New Maps of Etna.—After these pages had received their final revision in type, I met with two new maps of Etna in the Paris Exhibition. The literature of our subject will obviously be incomplete without some notice of them, although this belongs properly to the first chapter rather than to the last. The one is a map in relief constructed by Captain Francesco Pistoja for the Istituto Topografico Militare of Florence. The vertical scale is 1/25,000 and the horizontal is 1/50,000. The surface is coloured geologically: the lavas erupted during each century being differently coloured, while the course of each stream is traced. This map, although by no means free from errors, is a vast improvement on the relief map of M. Elie de Beaumont. One defect, which might be easily remedied, is due to the fact that the lavas of three consecutive centuries are coloured so much alike, that it is almost impossible to distinguish them. The minor cones are well shown, the Val del Bove fairly well, and the map is altogether a valuable addition to our knowledge of the mountain.
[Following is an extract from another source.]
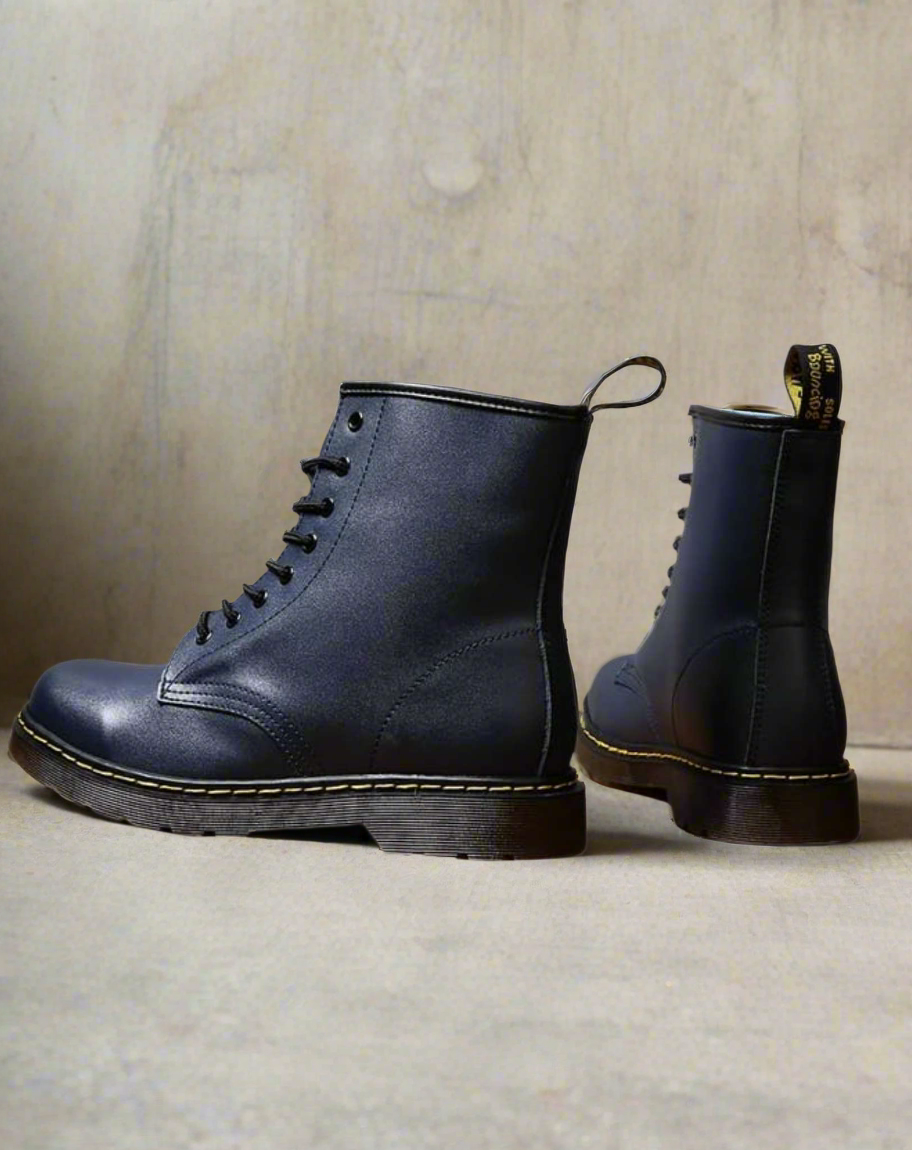 Bottes montantes femme - Cuir véritable - Lacets - Semelle robuste antidérapante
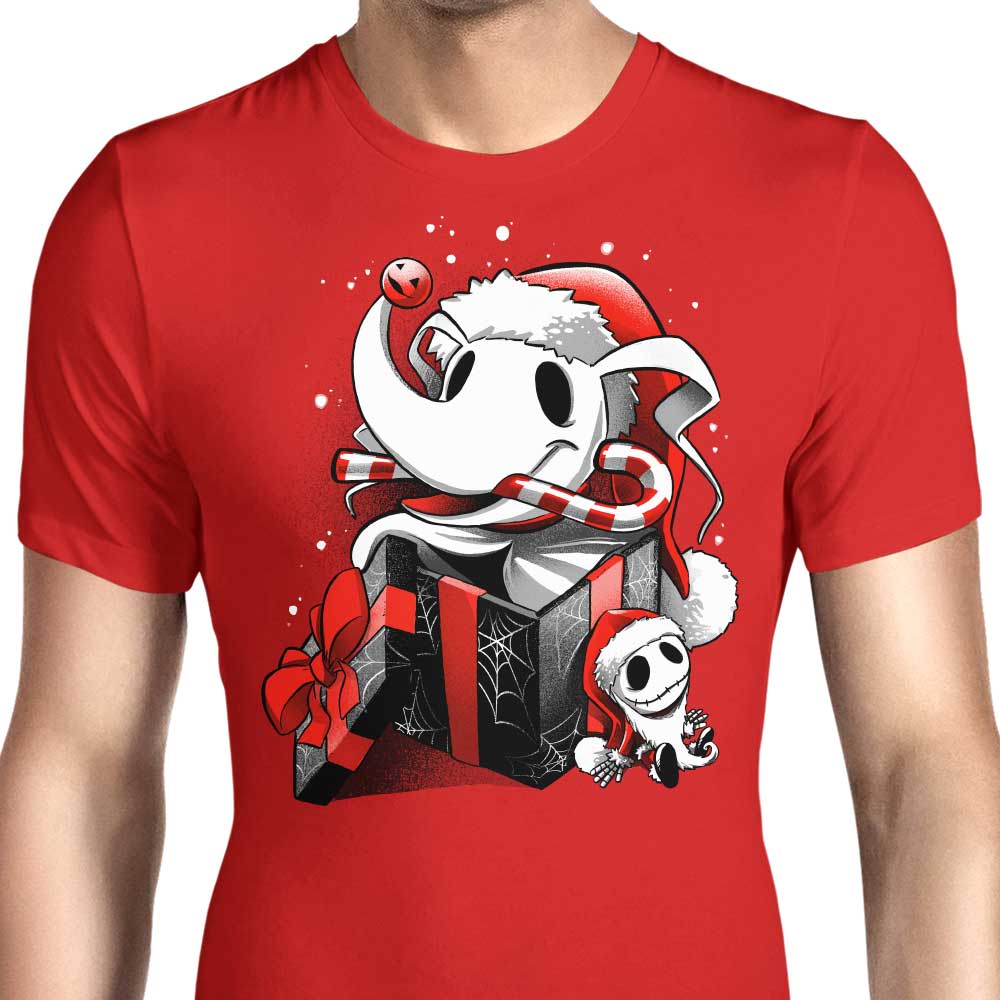 Alemaglia Men's Christmas Ghost Dog T-Shirts in Various Sizes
The other map is a Carta Agronomica dell' Etna, showing the surface cultivation. Different colours denote different plants, pistachio nuts, vines, olives, chestnuts, etc. It is beautifully drawn and coloured by hand, and is the work of Signor L. Ardini, of Catania.
FOOTNOTES:
[22] The figures in this plate are magnified 35 diameters. Fig. 1. Lava of b.c. 396. The upper half of the drawing is occupied by a crystal of plagioclastic felspar showing twin lamellation and faint zonal markings, and with numerous irregular dark-brown inclosures of glass, probably containing magnetite dust and matter similar to that of the groundmass of the rock which consists of felspar microliths, granules of olivine, and augite crystals, grains of magnetite, and apparently a little interstitial glass. A crystal of augite is shown near the bottom of the drawing.
Fig. 2. Lava of a.d. 1689. On the right hand side part of a plagioclase crystal with inclosures similar to that in the preceding figure. In the centre a small crystal of plagioclase. Groundmass similar to that of Fig. 1, but showing a somewhat definite arrangement of the small felspar crystals, indicative of fluxion.
[23] "Mikroskopische Beschaffenheit der Mineralien und Gesteine." Leipzig, 1873; p. 480.
[24] "Mikroskopische Physiographie der Massigen Gesteine. Stuttgart, 1877; p. 547.